Колчаковское министерство пыталось одним махом убить двух, а то и трех зайцев: затушевать, прежде всего, и принизить социально-политический характер повстанческого движения в тылу – дескать, не с большевиками борьба, а с бандитами, действующими под видом большевиков; во-вторых, организация дружин самообороны, по замыслу особого отдела, позволит создать свое партизанское движение, подняв против «бандитов» лояльную часть населения (иначе: кулацкую и прочую колеблющуюся часть), тем самым упрочив тыл; и в-третьих: поскольку банды в ту пору действительно орудовали по всем сибирским городам и весям, решение это выглядело вполне логичным и своевременным.
Колчак, прочитав постановление, остался доволен и подписал, не задумываясь.
– Правильно! Хватит надеяться на проводников.
***
Однако уже вскоре стало ясно: исправить положение одними только этими мерами – невозможно.
Теперь еженедельно, каждую субботу, на стол министра внутренних дел ложилась сводка, оценивающая положение в областях и губерниях Сибири и Урала по пятибалльной системе.
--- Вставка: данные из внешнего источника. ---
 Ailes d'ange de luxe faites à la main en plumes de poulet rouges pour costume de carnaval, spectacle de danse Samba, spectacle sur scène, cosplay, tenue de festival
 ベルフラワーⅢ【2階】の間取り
Такая «классификация» была заведена особым отделом. «5» – значит, в губернии спокойно; «4» – наблюдаются отдельные агитационные выступления; «3» – вооруженные выступления; «2» – идет образование фронтов; «1» – положение безнадежное; «0» – отсутствие каких-либо донесений.
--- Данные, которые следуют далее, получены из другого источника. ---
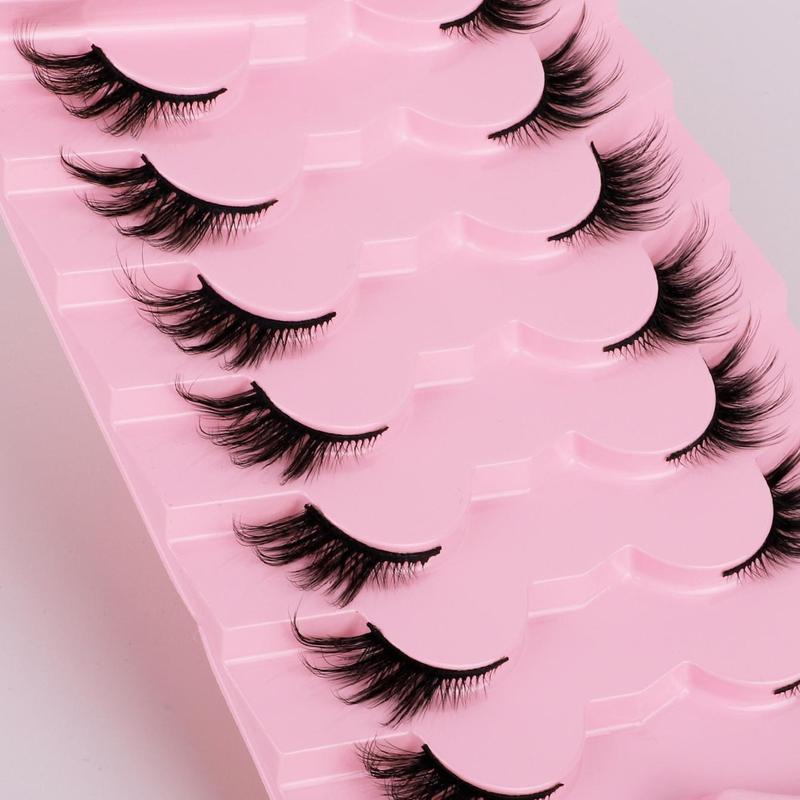 Product Introduction of Natural Half Cut False Eyelashes, 7 Pairs Wispy Cat Eye Look Faux Lashes, Volumized False Eyelashes for Women and Girls Eye Makeup Enhancement, Thick Volume 3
Справедливости ради, надо заметить, что цифра «1» ни разу не появлялась в сводках. И это понятно: кто же решится взять на себя смелость назвать даже и самое тяжкое положение – безнадежным? Зато «0» фигурировал часто. Тут тоже понятно: «ноль» – значит, никаких сведений, а коли их нет, стало быть, и взятки гладки… Под «нолем» ведь могут скрываться и «единицы» и «двойка», и даже «пятерка»… Думай что хочешь и как хочешь.
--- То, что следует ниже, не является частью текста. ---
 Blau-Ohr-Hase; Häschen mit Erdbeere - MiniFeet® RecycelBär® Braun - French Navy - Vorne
Пепеляев тем не менее требовал исчерпывающих сведений. И не раз выговаривал сотрудникам особого отдела:
– Ноль – это пустое место, дыра, отсутствие какой бы то ни было оценки. А мне нужны оценки. Оценки!..
Положение, однако, не менялось. И «ноль» оставался в сводках самой популярной цифрой. Куда как просто! Вот, скажем, Уфимская губерния: девять сводок – от февраля до апреля – получил министр – и девять раз видел в Уфимской графе один и тот же «0», что означало отсутствие сведений, неясность положения… А положение на Уфимском направлении давно было ясным, и Пепеляев не раз порывался исправить этот злополучный «0» на «1», но рука не поднималась… «Бог с ним, с этим нолем, – решил министр. – С ним как-то и поспокойнее…»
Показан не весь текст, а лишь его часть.